On Behalf of | Feb 18, 2013 | Trust Administration |

Twin Cities readers may be familiar with the Herbalife company as much for its controversial multilevel marketing operations as for its broad claims of benefits in weight management and personal nutrition. However, to at least one attorney previously involved in trust litigation that has now spanned the course of nearly eight years, the company name may serve only as a reminder of what he once coined “the World War III of probate litigation.”

The epic trust dispute kicked off in 2005 when the ex-wife of company founder Mark Hughes and legal guardian of his son, Alexander Hughes, filed suit to remove the trustees of the Hughes Family Trust. The ex-wife accused the trustees of violating their fiduciary duties by paying themselves excessive legal and administration fees rather than managing the trust’s $400 million in assets for the benefit of the founder’s son.

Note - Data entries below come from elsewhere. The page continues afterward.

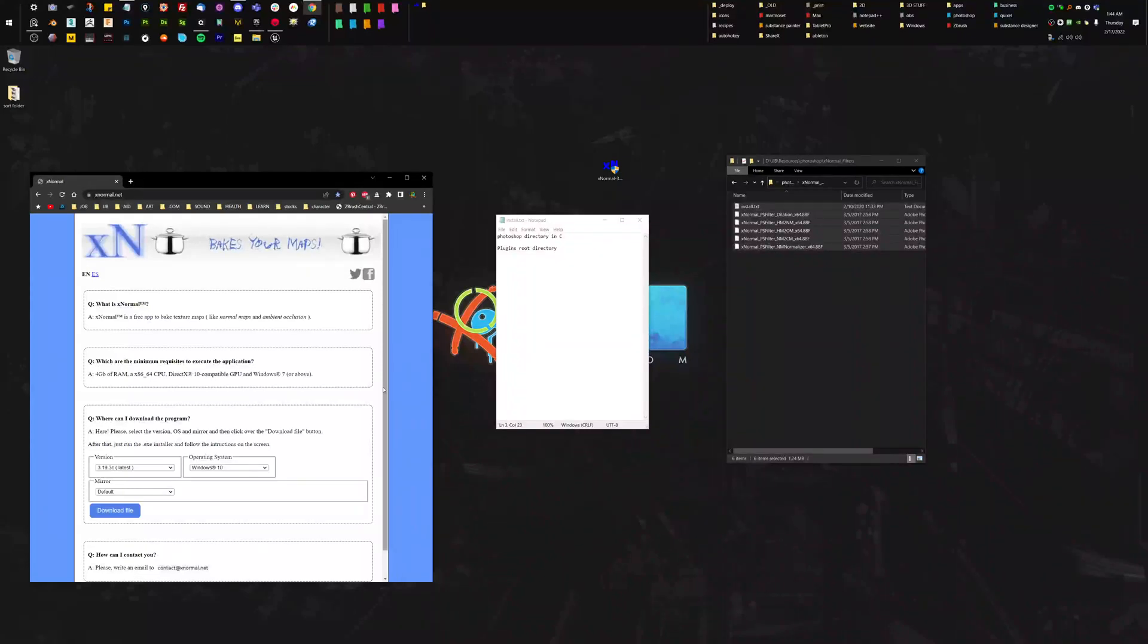Hey guys, I want to show you a quick tip on how to get some normal maps inside of Photoshop without having to do it by hand.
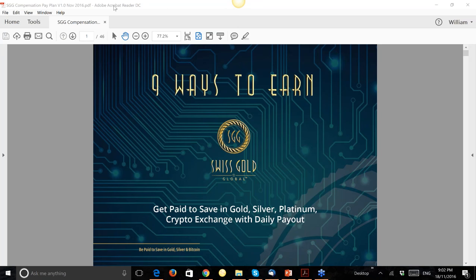We do have a pay plan document. In your back office under 'My Documents' you will find a document called 'Nine Ways to Earn — Nine Ways to Make Money with Swiss Gold Global.' We have some new packages I'll run through quickly, but I really want to talk about our pay plan structure. Some of you are new to this industry, some are not. I have been many years in this industry, working both for corporate and as a distributor.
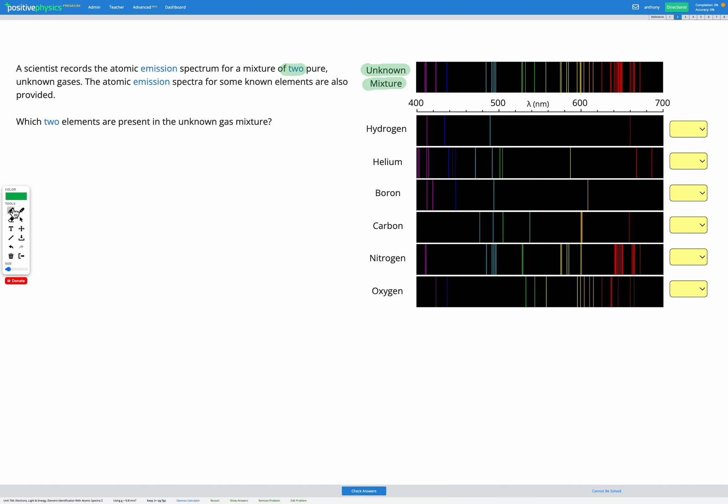Okay, so first I'm going to do a quick scan to see if there's any really obvious features in my unknown mixture that match up really obviously with something in one of my known samples.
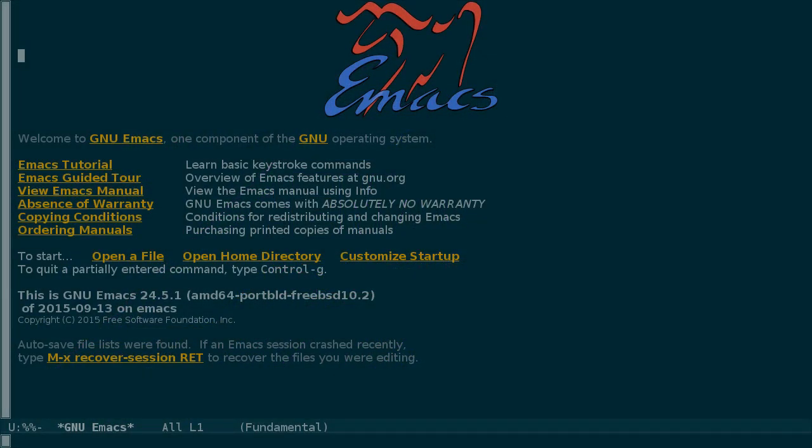With Emacs there are a couple ways to automate repetitive tasks. We'll look at one of them called keyboard macros.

The trustees, among them the young beneficiary’s grandfather, naturally insisted that they had performed admirably in the task of managing the estate’s sizable assets. They countered the allegations of fiduciary issues with assertions that the ex-wife had frustrated their efforts to meet with the boy and determine his wishes.

What began as a dispute centered primarily on a complicated tax-savings scheme that led to a loss in the wake of a $350 million claim against the estate ultimately devolved into personal warfare in which the ex-wife levied sexual harassment claims against one trustee and openly accused another of being complicit in the founder’s death.

When the founder’s son turned 18, he jumped into the fray as well. The ongoing litigation has become a slew of suits and countersuits with five different law firms headed to court to hash out claims involving more than $3 million in legal fees. In the morass of mixed claims, even the attorneys will need good attorneys to escape the fallout from this explosive probate dispute.